Overall, the study is technically strong, clearly motivated, and generally well executed. The comparison between full biogeochemical DA and hybrid statistical–dynamical methods is valuable and will interest both modeling and observational communities. The manuscript is publishable after major revisions aimed at sharpening key messages and clarifying methodological choices.
Major comments
1. The manuscript is rich in experiments, but the core scientific conclusions could be distilled more explicitly. The three main findings (limited impact of physical DA on pH, strong improvement from pH+alkalinity DA, and competitive performance of hybrid ESPER approaches) should be highlighted earlier and revisited more succinctly in the Discussion.
2. The necessity to assimilate estimated, not measured, alkalinity (Section 2.6) is a central limitation. The discussion acknowledges this but remains somewhat cautious. The authors should explicitly quantify the sensitivity of the pH increments to TA uncertainty and clarify in which coastal regimes the ESPER TA is reliable, and where it may fail (river plumes, OM-rich waters, denitrification).
3. Some cross-validation experiments show deterioration of pH downstream of the lines, attributed to advection of increments. This is important for future glider network design. A brief dynamical explanation (e.g., density structure, mesoscale features along Line 67) would strengthen the argument.
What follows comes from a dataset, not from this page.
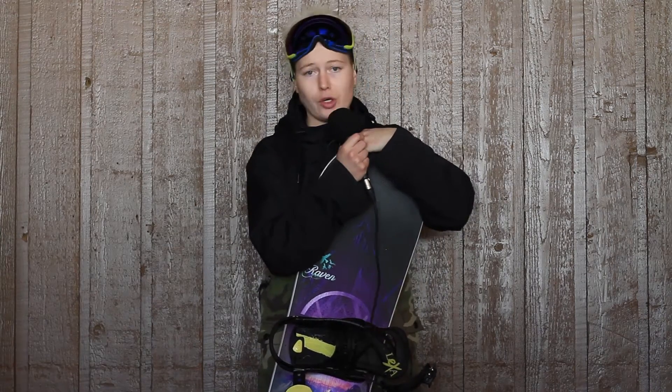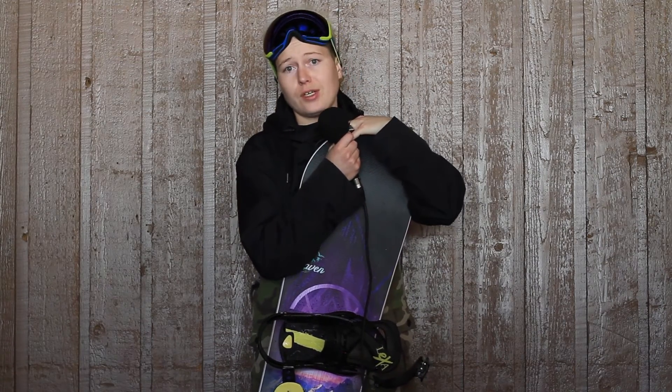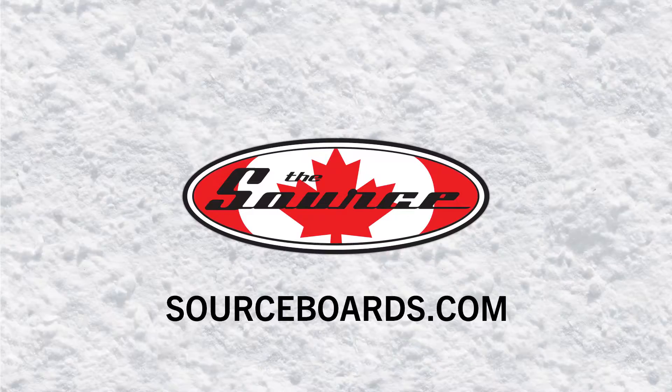Hit some boxes with it. I think that this board would be good for pretty much any girl. Groomers are great. It's a charger board, it's a little on the stiff side, so it's going to be super responsive. I liked it. We'll see you at The Source.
4. The result that hybrid ESPER estimates outperform the full BGC model (when carbonate variables are not assimilated) is striking. The implications deserve more emphasis: under which conditions does a hybrid approach suffice operationally? Is the benefit solely from improved T–S via physical DA, or also from limitations in the NEMUCSC carbon module?
5. The study shows an expected improvement when O2 is assimilated, but the weak coupling between pH and O2 increments reflects structural constraints of the DA system. It would be beneficial to comment on whether variable-covariance specification (currently set to zero) is a limiting assumption for future biogeochemical DA.
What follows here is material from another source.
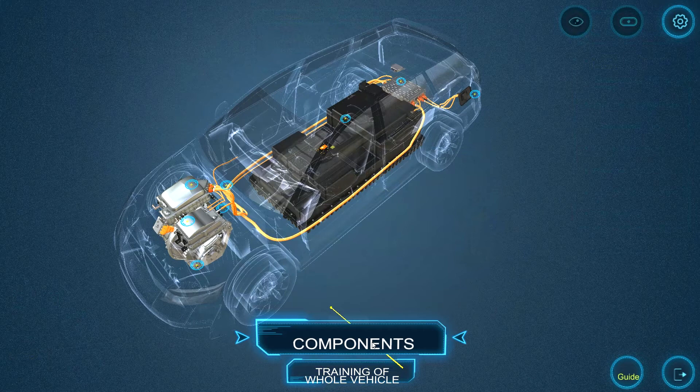In the electric automotive application, the user will start in the components module. This module offers eight different systems to choose from.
6. The manuscript relies exclusively on ESPER for alkalinity and DIC estimation, but does not justify this choice. This is important because CANYON-B/CONTENT is widely used in the community, specifically trained for glider-type variables, and often performs better in coastal and upwelling systems due to its inclusion of oxygen and sometimes nitrate as predictors. The authors should briefly explain why ESPER was selected, and whether alternative empirical regressions (e.g., CANYON-B, LIAR, multi-sensor neural networks) were evaluated. A short comparison or rationale would strengthen confidence in the robustness of the hybrid approach. At minimum, please clarify: what variables ESPER requires in this implementation, whether CANYON-B was unsuitable due to predictor availability or training domain, whether differences between algorithms could alter the conclusions on hybrid performance.
Minor comments
-Figures 4 and 5 are informative but visually dense; consider simplifying color scales or moving supplementary diagnostics to the Appendix.
-State the glider pH sensor accuracy explicitly when first introduced (currently only in Table 3).
-Clarify whether ESPER was re-trained or used as published.
-The manuscript is long; some methodological descriptions (e.g., NEMUCSC structure) could be tightened.